Foreigners are snapping up more real estate in the Montreal area, but the top executive of National Bank of Canada says supply and demand for housing are still "in balance" in the country's second-largest city.
Chief executive officer Louis Vachon said Friday non-resident buyers are gravitating to three upscale or Anglophone neighbourhoods in and around Montreal: Mount Royal, the affluent enclave of Westmount and the West Island.
"We've seen, in some of these markets, up to 20 to 30 per cent of the new buyers have been non-resident buyers," Mr. Vachon added in a phone interview Friday after the bank's annual shareholders meeting in Montreal. "But, so far, it's not been big enough to throw the market out of equilibrium."
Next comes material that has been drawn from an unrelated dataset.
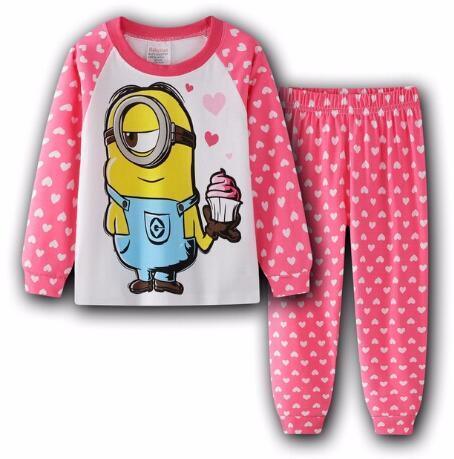 Pijama 2 piezas Minions manga larga niños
His comments come one day after the Ontario government unveiled a 16-point package that aims to curb runaway home prices in the overheated Greater Toronto Area market. The measures include a 15-per-cent tax on foreign buyers, as well as the green light to Toronto, and potentially other nearby cities, to introduce a property tax on vacant homes.
Politicians in Ontario are following a path blazed by their colleagues in British Columbia and Vancouver, who introduced similar rules last year in a bid to restore housing affordability.
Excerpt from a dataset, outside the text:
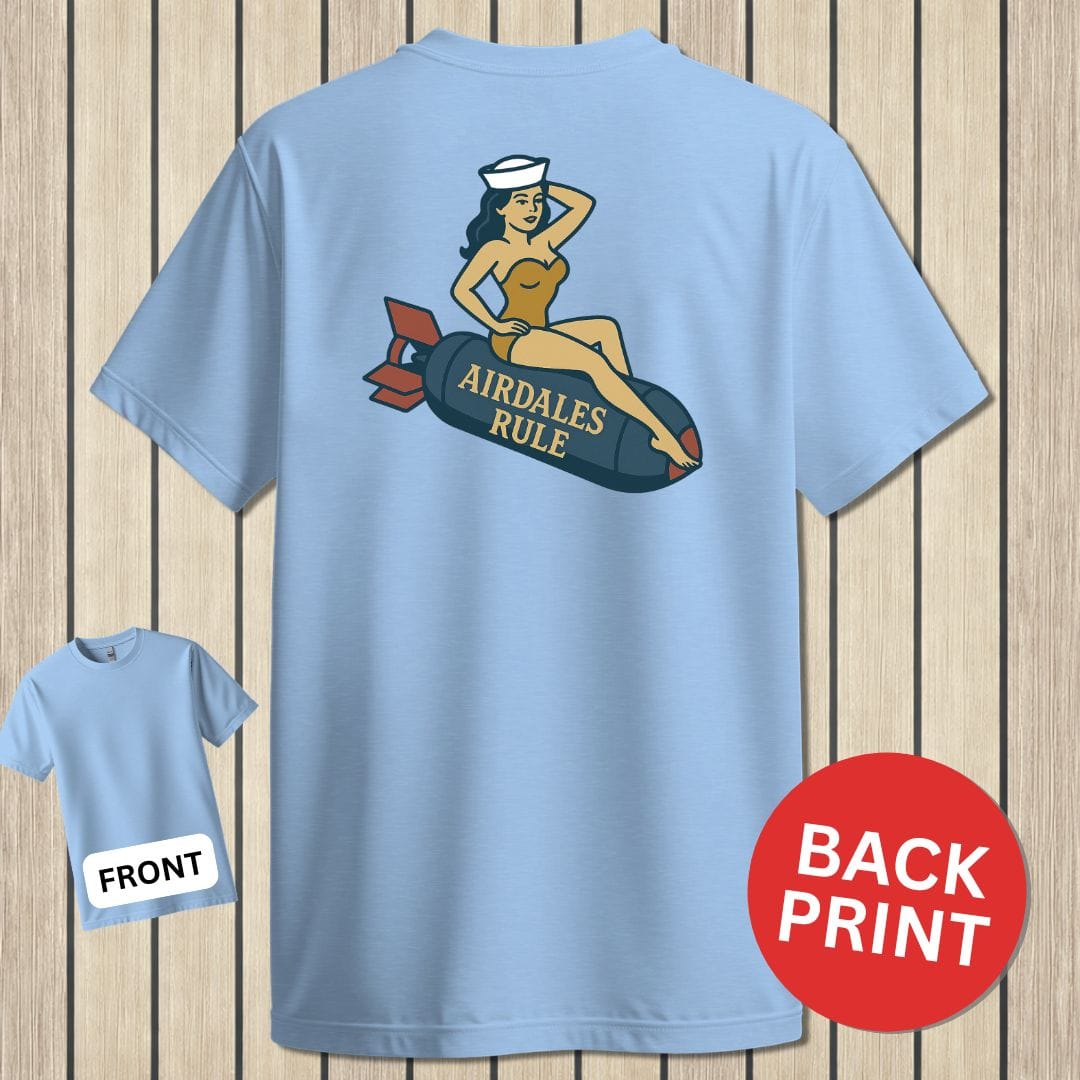 NavyHumor Classic Tee Light Blue / S Airdales Rule Tattoo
Mr. Vachon, who heads up the smallest of the Big Six lenders, welcomed the steps Ontario is taking, adding that they did not come as a surprise. National Bank is more exposed to Quebec than it is to Ontario.
At the end of the first-quarter, National Bank said 55 per cent of its residential mortgage portfolio consisted of loans extended in Quebec. Ontario made up 25 per cent, while Alberta compromised 8 per cent.
National Bank has been changing how it originates mortgages. Last year, it opted to consolidate its relationship with third-party mortgage brokers to a single provider – Toronto-based Paradigm Quest Inc. – and bolstered its risk parameters for residential lending in Ontario.
But Mr. Vachon says the Montreal market is not built the same way as Toronto and Vancouver. Mainly, it has fewer land constraints for building and lower immigration targets.
The Quebec Federation of Real Estate Boards echoed Mr. Vachon's remarks Friday in a press release, saying the new rules in Ontario could increase the presence of non-resident buyers in Montreal, but that it "does not expect any major short-term impacts."
But it said just 1.5 per cent of home buyers in Montreal are foreign, citing data from Canada Mortgage and Housing Corporation. In comparison, it said the B.C. government estimates the proportion of foreign buyers in the Vancouver area is 9.7 per cent, while the Toronto Real Estate Board estimates this figure is nearly 5 per cent in the Toronto area.
Policy makers across the country have been paying close attention to home prices in their cities and towns, as locals are getting shut out of the market. Quebec Finance Minister Carlos Leitao said in an earlier interview that the province has "a well-functioning, balanced" housing market. He added that he welcomes foreign investment in real estate – just not speculation.
"Housing is affordable in Quebec and Montreal," he said. "We want it to remain that way."